** REQUIREMENT **
Everything below from the line with "Snapshot of temptressbeauty24" through the line with "11918 LAMPASAS TRL, San Antonio, TX 78253" should be copied exactly, and nothing else; leave out the pictures.

*** Opening DATA PROVIDED ***

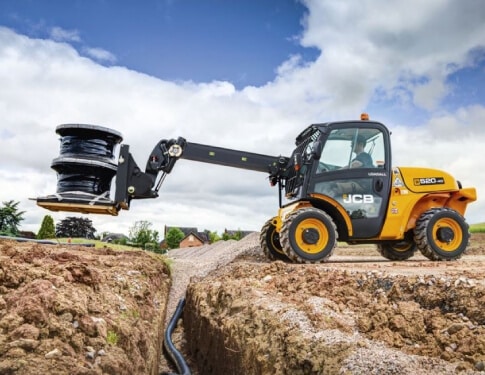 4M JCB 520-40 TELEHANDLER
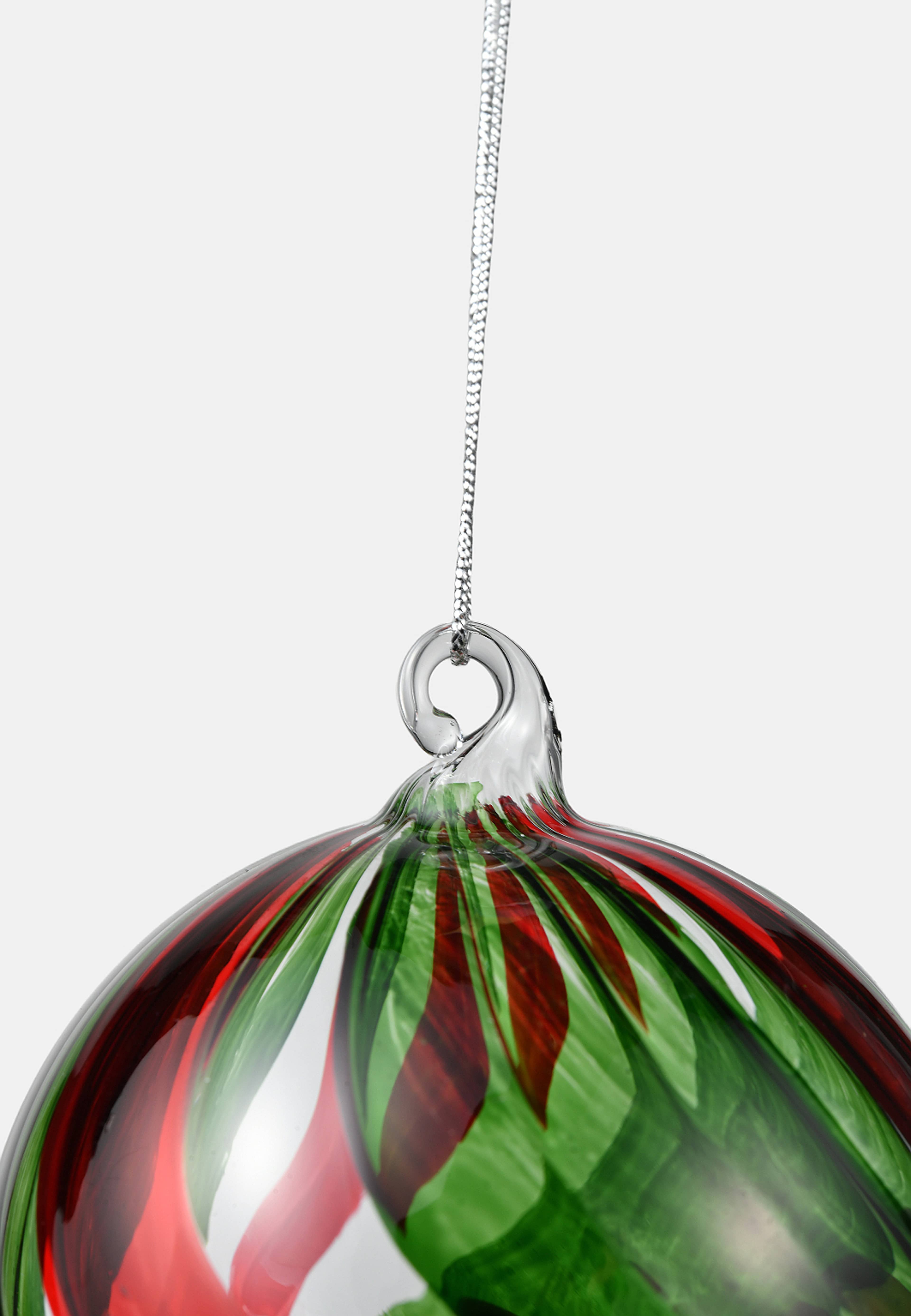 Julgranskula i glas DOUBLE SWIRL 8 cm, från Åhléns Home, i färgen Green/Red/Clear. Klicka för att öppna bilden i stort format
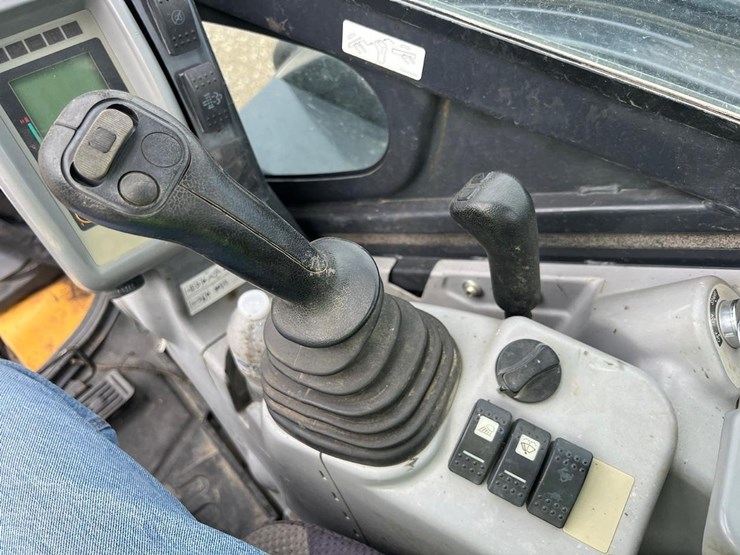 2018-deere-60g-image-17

*** Closing DATA PROVIDED ***
*** Opening DATA PROVIDED ***

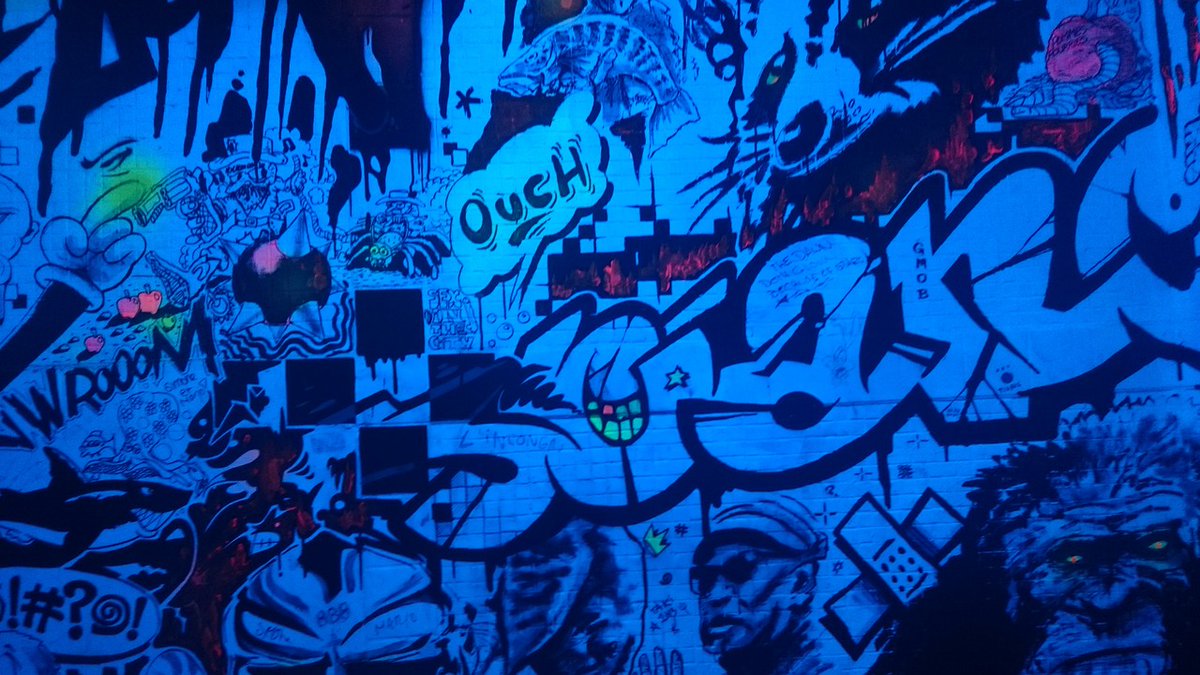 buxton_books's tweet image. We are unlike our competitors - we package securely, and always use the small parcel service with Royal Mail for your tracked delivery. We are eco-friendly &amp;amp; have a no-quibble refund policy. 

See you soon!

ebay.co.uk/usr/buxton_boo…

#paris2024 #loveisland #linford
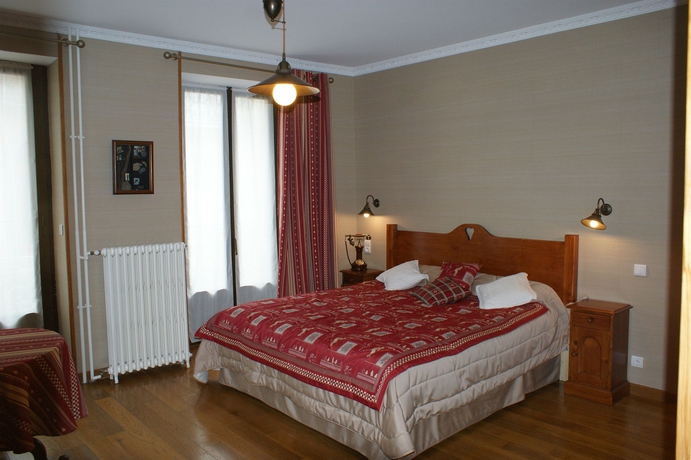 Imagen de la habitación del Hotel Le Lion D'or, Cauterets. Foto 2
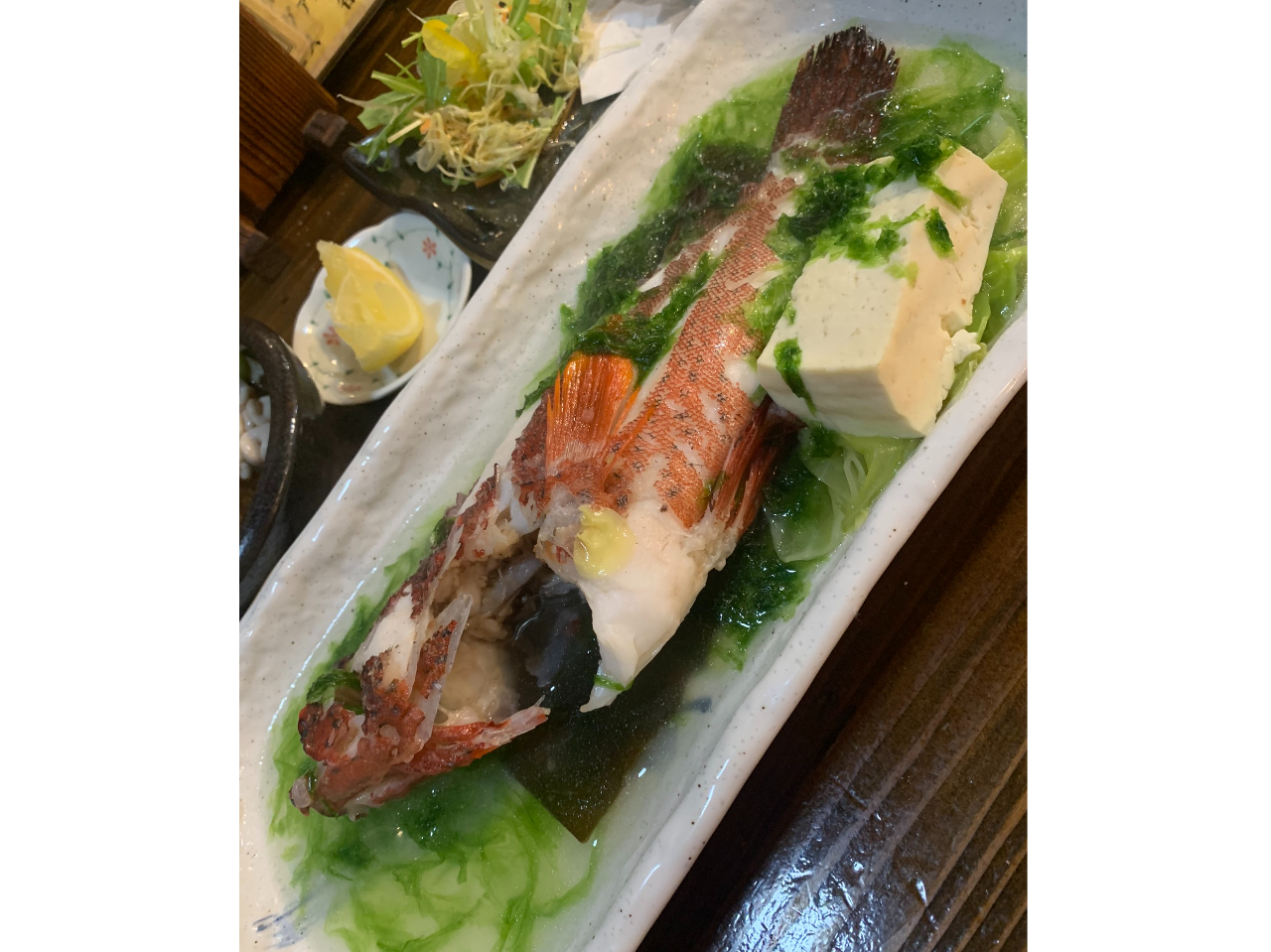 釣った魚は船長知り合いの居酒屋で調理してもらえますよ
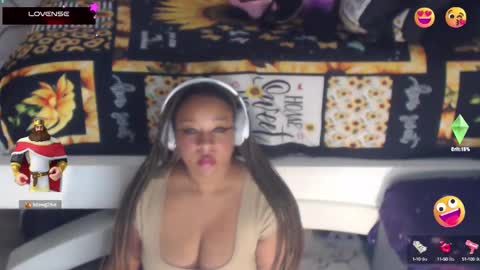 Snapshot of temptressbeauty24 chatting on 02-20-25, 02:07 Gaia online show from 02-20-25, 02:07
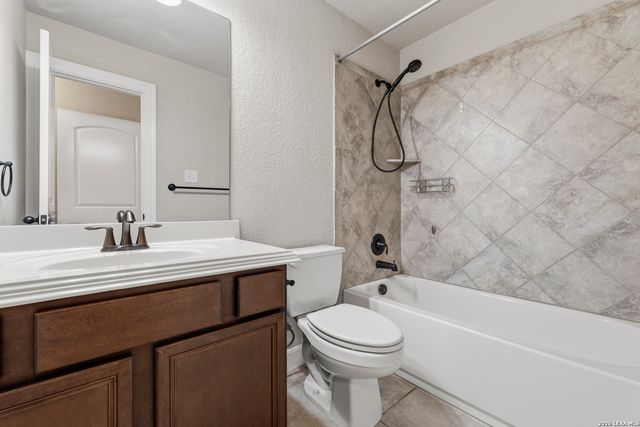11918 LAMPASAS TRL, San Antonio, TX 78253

*** Closing DATA PROVIDED ***

** OUTPUT **
 Snapshot of temptressbeauty24 chatting on 02-20-25, 02:07 Gaia online show from 02-20-25, 02:07
11918 LAMPASAS TRL, San Antonio, TX 78253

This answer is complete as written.